The whiting bite turns on every year during the Final 4, Not the Elite 8, not the Sweet 16 but the Final 4.


----------



## Chap (Mar 15, 2015)

I didn't get out there today.  My little boy is sick and wanted me stay home with him.  Oh well, maybe next week.


----------



## Fatback1 (Mar 15, 2015)

I fished the low tide up to high today on Tybee (3/15). Nothing but plate sized Rays.


----------



## kramerfish53 (Mar 15, 2015)

had 28 10inch or bigger whiting today


----------



## Chap (Mar 15, 2015)

kramerfish53 said:


> had 28 10inch or bigger whiting today



Nice haul man!

Hey, what size hook are you using for whiting?


----------



## kramerfish53 (Mar 15, 2015)

no2 and no4


----------



## Chap (Mar 17, 2015)

Planning on putting my kayak in at Lazaretto Creek early on Saturday morning, so maybe I'll get on some whiting, amongst other things.


----------



## Fatback1 (Mar 21, 2015)

Tybee Island Surf Report

After enduring less than ideal conditions this evening from four o'clock to sunset (3/21), 15 knot E winds, 60 something degrees air temps and a springing tide. I managed to land my first three Whiting of the year. A fat 12", 11 1/2", and a 11". Again, like last weekend, a few plate sized Rays hit the sand all so. FDS for bait. Water temp hit 63.5 degrees today at Fort Pulaski NOAA station. 

The Whiting have made it to the Tybee surf, cool! Bite was mid-incoming tide.


----------



## Chap (Mar 22, 2015)

Fatback1 said:


> Tybee Island Surf Report
> 
> After enduring less than ideal conditions this evening from four o'clock to sunset (3/21), 15 knot E winds, 60 something degrees air temps and a springing tide. I managed to land my first three Whiting of the year.

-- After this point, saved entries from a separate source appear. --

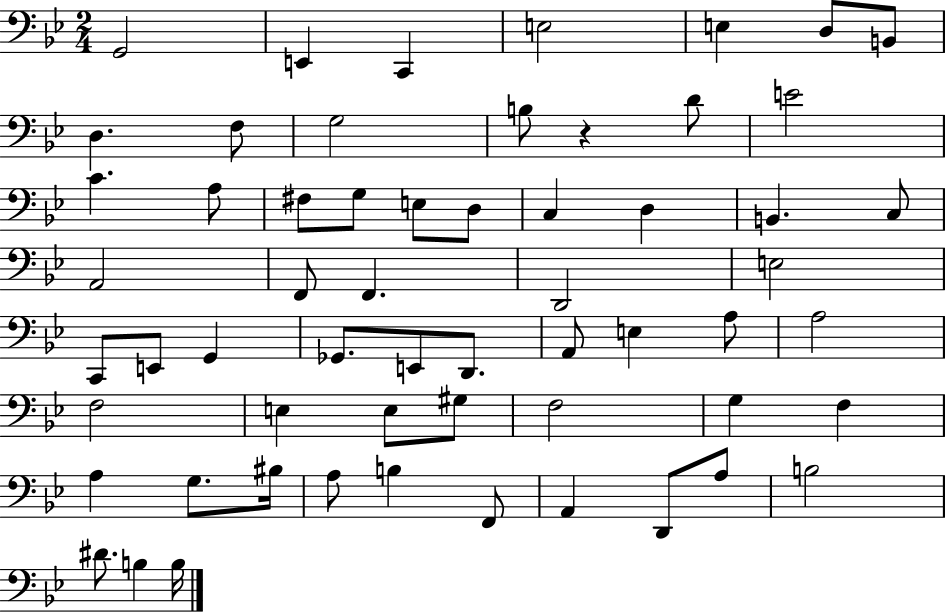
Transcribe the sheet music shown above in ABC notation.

X:1
T:Untitled
M:2/4
L:1/4
K:Bb
G,,2 E,, C,, E,2 E, D,/2 B,,/2 D, F,/2 G,2 B,/2 z D/2 E2 C A,/2 ^F,/2 G,/2 E,/2 D,/2 C, D, B,, C,/2 A,,2 F,,/2 F,, D,,2 E,2 C,,/2 E,,/2 G,, _G,,/2 E,,/2 D,,/2 A,,/2 E, A,/2 A,2 F,2 E, E,/2 ^G,/2 F,2 G, F, A, G,/2 ^B,/4 A,/2 B, F,,/2 A,, D,,/2 A,/2 B,2 ^D/2 B, B,/4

A fat 12", 11 1/2", and a 11". Again, like last weekend, a few plate sized Rays hit the sand all so. FDS for bait. Water temp hit 63.5 degrees today at Fort Pulaski NOAA station.
> 
> The Whiting have made it to the Tybee surf, cool! Bite was mid-incoming tide.



Nice, thanks for the heads up on that.  Was going to go out yesterday but ended up helping my father-in-law get some yard work done.  I am debating heading out there right now, but probably not going to make it today either.


----------



## gafshr (Mar 22, 2015)

Got a dozen nice whiting on squid on jekyll yesterday


----------



## Gibsonn (Mar 23, 2015)

Any of you guys mind sharing some insight on how to fish for the tasty whiting from a boat? I assume you would fish in deep water but is there anything in particular I should be looking for regarding depth, surroundings, and/or structure? Thanks in advance


----------



## gafshr (Mar 23, 2015)

Use a triple or double drop rig with either a quid or shrimp pretty much anywhere.  We caught a dozen nice ones right off the beach.


----------



## milltown (Mar 25, 2015)

How long will the whiting stay around St Simons?


----------



## milltown (Mar 25, 2015)

And how do you get to the king and prince to fish?  DO you have to walk down to it or can you just park there and fish?


----------



## kramerfish53 (Mar 25, 2015)

The king and prince is a resort on St. Simons, the spots are out in the ocean


----------



## milltown (Mar 25, 2015)

Any good beach spots for fishing on st simons or jekyll?  Thinking about trying to get over there in a week or two.


----------



## m1garand30064 (Mar 26, 2015)

milltown said:


> Any good beach spots for fishing on st simons or jekyll?  Thinking about trying to get over there in a week or two.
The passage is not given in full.